A recent Deseret News editorial (April 20), "Tell Utahns how much they pay the hospitals," made a plea for a health cost data program. The editorial implies that having more comparative data through a mandated data council is the remedy to solve Utah's health-care costs problem.

The Utah Hospital Association (UHA), representing 42 member hospitals, wishes to present another perspective.UHA conducted research with 14 of 30 mandated states. The findings are clear that data councils are costly and thus far ineffective in curtailing rising costs.

Governmental costs to maintain such councils, provider costs to supply the data and development of a severity of illness system (necessitated by a mandated council), drive costs higher - consumers of health-care services would absorb these costs.

The research also shows that comparative charge data did not curtail rising costs in any of the 14 states.

The Federation of American Health Systems (FAHS) found that from 1984 to 1987, per capita hospital expenditures rose 6.5 percent a year in six regulated states, compared with 5.1 percent in non-regulated states, indicating that artificial efforts to contain costs have not worked as well as allowing hospitals an opportunity to adjust in a competitive market.

Is it time for Utah to become more regulated? Legislators soundly defeated legislation introduced in 1988 to establish a mandated data system. The lawmakers recognized that costly legislation is not the remedy.

UHA has implemented a voluntary and much less costly data program. After thorough study, UHA released 1988 charge data for the top 36 DRGs (diagnosis related groups). UHA plans to publish like reports every six months. The next report (August release) will represent 30+ hospitals (90 percent of Wasatch Front discharges).

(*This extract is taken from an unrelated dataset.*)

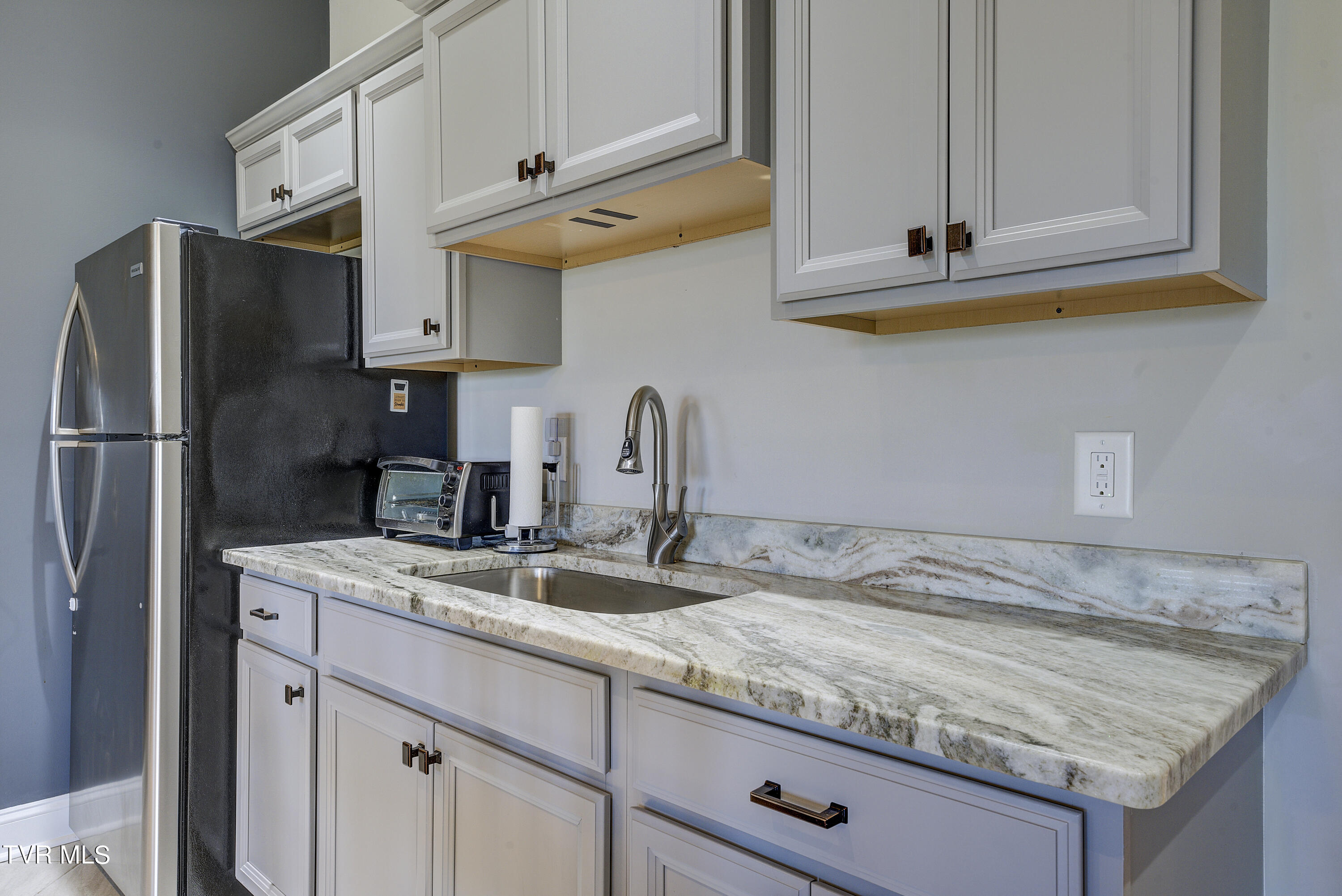 755 Hales Chapel Road Gray, TN 37615 - Photo 31 of 57 Basement Kitchenette2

The editorial rejects UHA's first report because data were not included on outpatient care, physician charges, long-term care, HMOs and insurance premiums.

Utah's hospitals are providing exemplary leadership in voluntarily providing comparative charge data. Other providers and insurers have not followed suit.

The report was further challenged because "the information is difficult to interpret."

The report was designed to avoid the pitfall of reporting only "average charges." Utah's data were presented in percentile format because the median (50th percentile) more accurately reflects the actual procedure charge than does the average, subject to skewed distortions created by extreme cases.

Clearly, hospital care providers realize that it's hard for patients to shop comparatively without information. They are voluntarily providing comparative charge data.

However, UHA believes that the solution to the costs issue is much broader than just providing comparative charge information.

Costs have risen as we respond to the demands of a public who expect high-quality services, new expensive health-care technologies, access to services and skilled labor to run it all.

Additionally, nearly one-third of the yearly increases in costs are due to hidden costs for the 37 million poor and uninsured Americans who seek service from our hospitals.

Costs for service to these individuals are not being adequately reimbursed by Medicare, further aggravating the problem.

UHA has demonstrated its willingness to work with those who seek to solve the state's rising costs problem. Hospitals are voluntarily submitting data.

We are hopeful that other providers and insurers will submit like data in an all-out effort to understand and thereby control rising health-care costs.